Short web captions
■ ■ ■
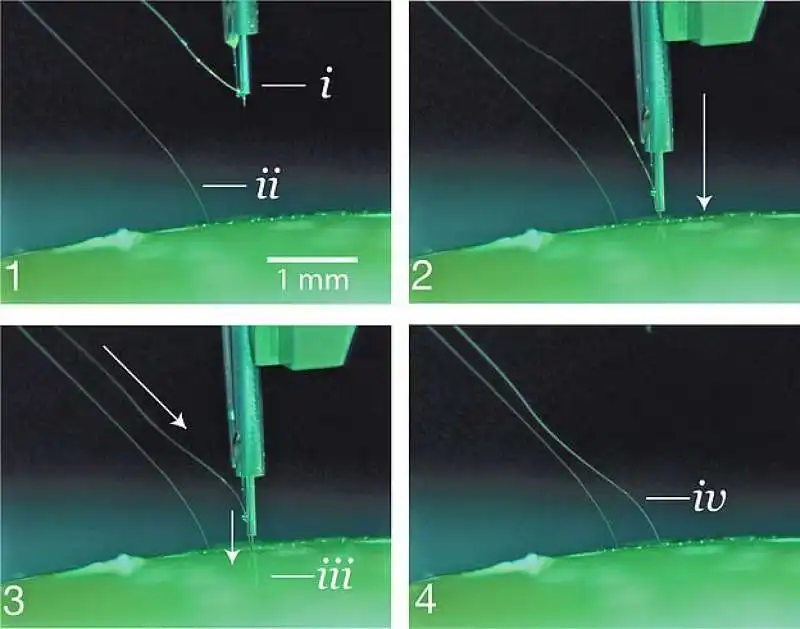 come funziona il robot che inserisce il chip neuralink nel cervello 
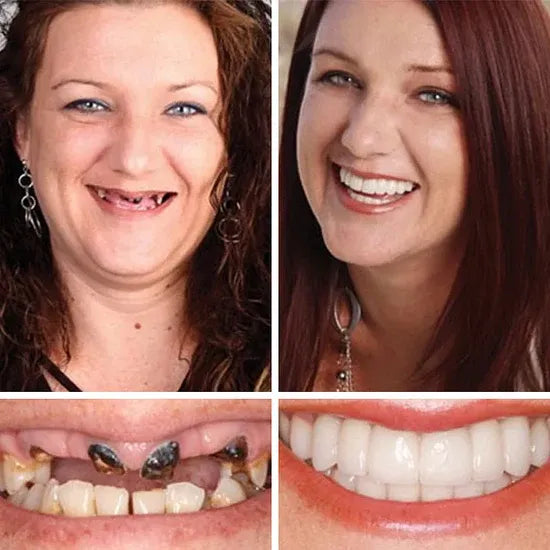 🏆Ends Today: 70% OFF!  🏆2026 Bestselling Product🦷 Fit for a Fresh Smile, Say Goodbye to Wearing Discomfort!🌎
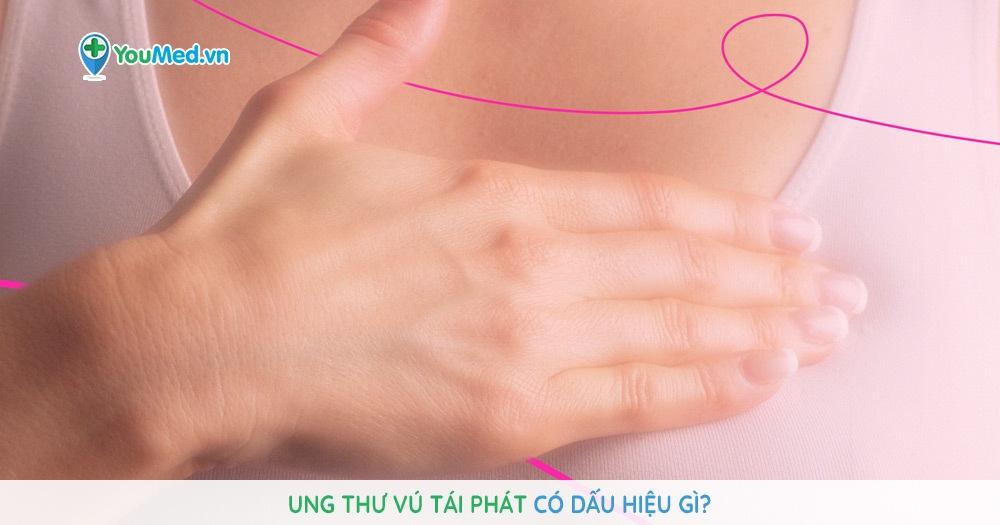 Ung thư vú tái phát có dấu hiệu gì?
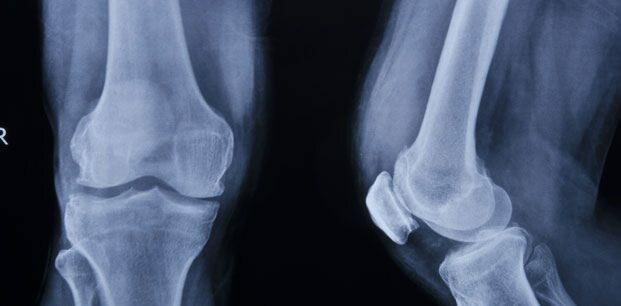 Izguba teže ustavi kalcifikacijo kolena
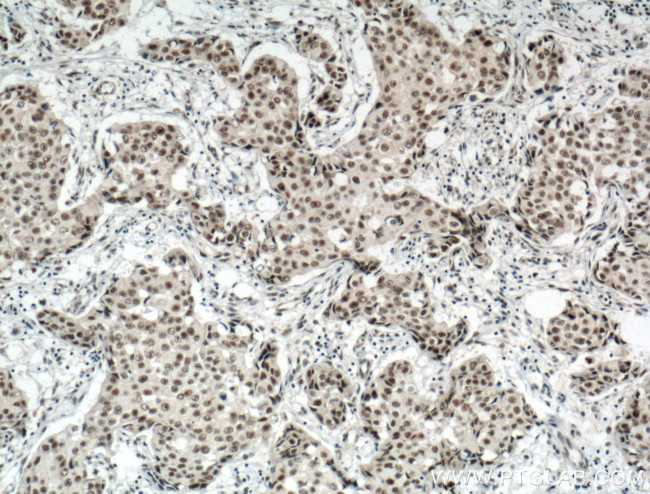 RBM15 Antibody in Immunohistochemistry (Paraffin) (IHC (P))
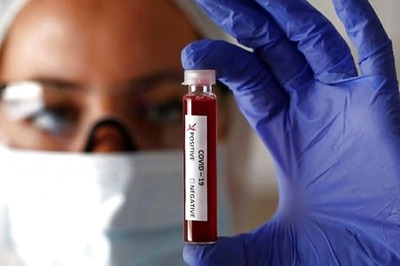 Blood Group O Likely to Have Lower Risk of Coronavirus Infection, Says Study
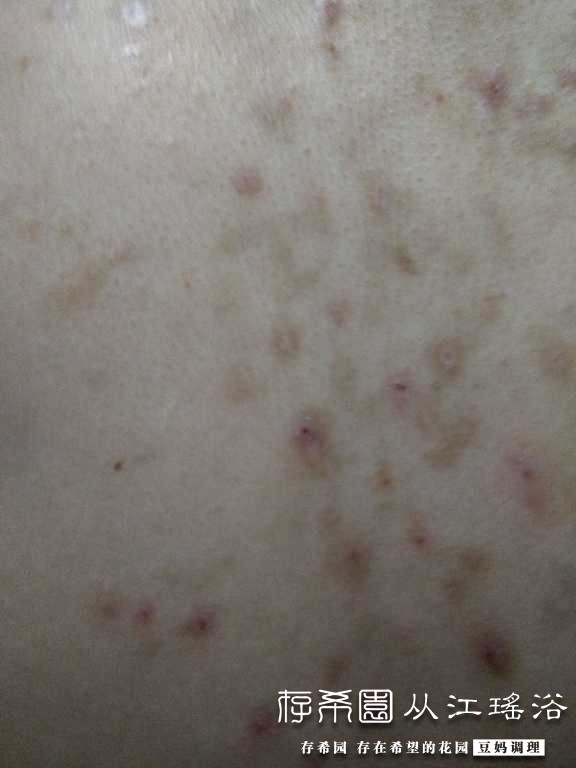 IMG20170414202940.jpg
■ ■ ■
§ Work item
Please transcribe word for word the lines from the one bearing "RBM15 Antibody in" through the last line of the records above, omitting the pictures.

§ Task output
 RBM15 Antibody in Immunohistochemistry (Paraffin) (IHC (P))
 Blood Group O Likely to Have Lower Risk of Coronavirus Infection, Says Study
 IMG20170414202940.jpg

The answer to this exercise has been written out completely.